§ **Exercise prompt**
In the listing that follows, the range to quote begins at the line that has "Foto von Kalguksu" and ends after the line that has "18-letni kierowca BMW"; quote it verbatim and add nothing.

§ **Supplied material**
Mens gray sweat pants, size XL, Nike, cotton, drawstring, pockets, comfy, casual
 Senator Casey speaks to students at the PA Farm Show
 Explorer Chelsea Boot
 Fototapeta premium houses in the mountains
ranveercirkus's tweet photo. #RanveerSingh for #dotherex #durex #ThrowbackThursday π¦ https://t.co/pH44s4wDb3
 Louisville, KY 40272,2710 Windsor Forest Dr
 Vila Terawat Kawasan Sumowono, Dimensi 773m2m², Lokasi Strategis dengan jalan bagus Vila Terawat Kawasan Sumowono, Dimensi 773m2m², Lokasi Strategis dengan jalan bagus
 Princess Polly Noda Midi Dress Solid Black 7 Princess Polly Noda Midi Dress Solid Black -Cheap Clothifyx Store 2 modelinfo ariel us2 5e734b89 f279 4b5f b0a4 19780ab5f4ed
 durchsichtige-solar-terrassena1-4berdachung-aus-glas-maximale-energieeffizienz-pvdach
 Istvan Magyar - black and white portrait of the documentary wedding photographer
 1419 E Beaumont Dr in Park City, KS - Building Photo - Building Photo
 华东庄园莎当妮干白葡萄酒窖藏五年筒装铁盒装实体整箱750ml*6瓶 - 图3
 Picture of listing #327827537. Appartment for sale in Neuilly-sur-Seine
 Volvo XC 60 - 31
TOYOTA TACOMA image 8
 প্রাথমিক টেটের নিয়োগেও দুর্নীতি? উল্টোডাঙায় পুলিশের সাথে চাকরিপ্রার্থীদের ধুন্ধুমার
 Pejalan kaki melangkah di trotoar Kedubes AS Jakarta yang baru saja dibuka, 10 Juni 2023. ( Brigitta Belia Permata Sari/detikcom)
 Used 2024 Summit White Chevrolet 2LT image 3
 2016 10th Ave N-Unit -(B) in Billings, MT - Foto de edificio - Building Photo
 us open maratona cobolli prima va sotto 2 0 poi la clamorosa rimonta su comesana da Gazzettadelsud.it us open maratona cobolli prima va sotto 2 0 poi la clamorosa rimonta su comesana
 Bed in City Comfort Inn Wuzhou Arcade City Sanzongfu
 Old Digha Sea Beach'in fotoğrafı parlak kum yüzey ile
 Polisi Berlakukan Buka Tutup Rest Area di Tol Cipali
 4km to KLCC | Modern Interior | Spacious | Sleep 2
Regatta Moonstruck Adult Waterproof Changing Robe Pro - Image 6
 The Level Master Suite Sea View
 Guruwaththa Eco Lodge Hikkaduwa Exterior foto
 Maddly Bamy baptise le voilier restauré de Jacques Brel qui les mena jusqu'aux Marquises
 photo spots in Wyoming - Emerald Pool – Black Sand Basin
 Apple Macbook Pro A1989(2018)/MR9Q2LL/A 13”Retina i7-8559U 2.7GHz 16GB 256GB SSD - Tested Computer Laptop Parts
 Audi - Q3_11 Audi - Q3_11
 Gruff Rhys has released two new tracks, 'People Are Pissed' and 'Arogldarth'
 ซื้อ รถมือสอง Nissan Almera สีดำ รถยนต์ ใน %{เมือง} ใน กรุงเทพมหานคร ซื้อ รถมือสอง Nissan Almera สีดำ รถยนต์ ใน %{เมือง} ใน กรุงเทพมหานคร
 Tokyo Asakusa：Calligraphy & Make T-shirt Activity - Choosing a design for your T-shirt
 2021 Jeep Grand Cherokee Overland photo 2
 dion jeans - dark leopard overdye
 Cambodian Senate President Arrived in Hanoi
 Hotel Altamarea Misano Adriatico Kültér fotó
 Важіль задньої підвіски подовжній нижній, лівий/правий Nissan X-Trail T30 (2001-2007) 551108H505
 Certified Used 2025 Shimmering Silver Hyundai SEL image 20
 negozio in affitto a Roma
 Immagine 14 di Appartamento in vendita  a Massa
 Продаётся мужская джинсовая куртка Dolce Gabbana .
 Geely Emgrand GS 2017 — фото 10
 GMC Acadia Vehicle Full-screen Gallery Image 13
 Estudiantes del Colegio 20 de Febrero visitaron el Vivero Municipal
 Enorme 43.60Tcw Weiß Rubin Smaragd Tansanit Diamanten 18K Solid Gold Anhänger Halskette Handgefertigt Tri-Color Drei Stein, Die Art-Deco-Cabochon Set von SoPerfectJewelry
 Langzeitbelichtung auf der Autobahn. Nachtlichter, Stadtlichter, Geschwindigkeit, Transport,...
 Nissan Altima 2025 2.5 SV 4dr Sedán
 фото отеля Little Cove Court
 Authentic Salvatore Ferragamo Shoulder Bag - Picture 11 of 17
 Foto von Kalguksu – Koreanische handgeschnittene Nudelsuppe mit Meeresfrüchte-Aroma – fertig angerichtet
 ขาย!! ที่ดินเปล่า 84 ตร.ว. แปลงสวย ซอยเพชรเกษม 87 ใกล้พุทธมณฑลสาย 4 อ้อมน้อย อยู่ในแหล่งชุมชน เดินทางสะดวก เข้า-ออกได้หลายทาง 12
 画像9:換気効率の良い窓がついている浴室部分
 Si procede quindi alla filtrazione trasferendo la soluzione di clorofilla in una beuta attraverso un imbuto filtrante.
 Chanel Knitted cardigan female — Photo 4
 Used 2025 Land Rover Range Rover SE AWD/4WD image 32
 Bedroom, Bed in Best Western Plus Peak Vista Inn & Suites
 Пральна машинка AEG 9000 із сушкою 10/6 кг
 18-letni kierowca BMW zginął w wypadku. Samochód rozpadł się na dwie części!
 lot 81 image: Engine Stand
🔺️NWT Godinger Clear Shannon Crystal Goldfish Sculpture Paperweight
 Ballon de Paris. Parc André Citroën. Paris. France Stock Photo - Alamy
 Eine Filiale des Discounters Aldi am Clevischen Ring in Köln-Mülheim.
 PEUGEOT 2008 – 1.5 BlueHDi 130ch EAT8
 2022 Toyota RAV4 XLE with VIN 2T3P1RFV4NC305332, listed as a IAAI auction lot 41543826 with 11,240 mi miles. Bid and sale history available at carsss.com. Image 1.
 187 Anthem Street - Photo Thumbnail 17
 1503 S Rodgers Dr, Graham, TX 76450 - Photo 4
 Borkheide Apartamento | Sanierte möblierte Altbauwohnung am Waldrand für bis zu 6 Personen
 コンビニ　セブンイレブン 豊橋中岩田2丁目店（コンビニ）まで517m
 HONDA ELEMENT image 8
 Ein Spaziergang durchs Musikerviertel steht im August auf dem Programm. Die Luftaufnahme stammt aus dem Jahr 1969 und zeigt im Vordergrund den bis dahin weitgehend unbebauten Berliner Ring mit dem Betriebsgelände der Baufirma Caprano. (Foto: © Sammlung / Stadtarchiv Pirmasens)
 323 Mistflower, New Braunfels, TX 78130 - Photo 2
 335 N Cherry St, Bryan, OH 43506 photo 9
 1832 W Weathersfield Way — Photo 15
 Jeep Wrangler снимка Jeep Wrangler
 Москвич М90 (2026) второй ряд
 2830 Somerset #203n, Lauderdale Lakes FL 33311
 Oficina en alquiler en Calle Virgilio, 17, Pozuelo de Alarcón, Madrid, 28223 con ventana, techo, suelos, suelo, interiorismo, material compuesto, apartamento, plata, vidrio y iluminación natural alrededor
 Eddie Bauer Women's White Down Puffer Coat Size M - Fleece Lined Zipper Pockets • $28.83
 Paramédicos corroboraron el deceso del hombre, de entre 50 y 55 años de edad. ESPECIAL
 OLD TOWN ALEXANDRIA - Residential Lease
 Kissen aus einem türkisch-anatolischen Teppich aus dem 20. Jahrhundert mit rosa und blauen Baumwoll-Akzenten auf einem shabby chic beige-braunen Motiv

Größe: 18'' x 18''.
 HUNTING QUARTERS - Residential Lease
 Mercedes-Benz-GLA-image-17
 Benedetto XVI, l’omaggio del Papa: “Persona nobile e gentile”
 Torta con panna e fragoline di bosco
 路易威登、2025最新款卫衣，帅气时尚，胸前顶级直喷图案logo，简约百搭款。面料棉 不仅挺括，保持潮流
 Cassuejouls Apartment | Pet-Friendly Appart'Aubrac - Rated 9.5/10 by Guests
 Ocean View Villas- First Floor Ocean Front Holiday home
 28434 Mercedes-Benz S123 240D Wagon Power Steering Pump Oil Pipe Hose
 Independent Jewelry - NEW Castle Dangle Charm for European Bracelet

§ **Solution to this task**
 Foto von Kalguksu – Koreanische handgeschnittene Nudelsuppe mit Meeresfrüchte-Aroma – fertig angerichtet
 ขาย!! ที่ดินเปล่า 84 ตร.ว. แปลงสวย ซอยเพชรเกษม 87 ใกล้พุทธมณฑลสาย 4 อ้อมน้อย อยู่ในแหล่งชุมชน เดินทางสะดวก เข้า-ออกได้หลายทาง 12
 画像9:換気効率の良い窓がついている浴室部分
 Si procede quindi alla filtrazione trasferendo la soluzione di clorofilla in una beuta attraverso un imbuto filtrante.
 Chanel Knitted cardigan female — Photo 4
 Used 2025 Land Rover Range Rover SE AWD/4WD image 32
 Bedroom, Bed in Best Western Plus Peak Vista Inn & Suites
 Пральна машинка AEG 9000 із сушкою 10/6 кг
 18-letni kierowca BMW zginął w wypadku. Samochód rozpadł się na dwie części!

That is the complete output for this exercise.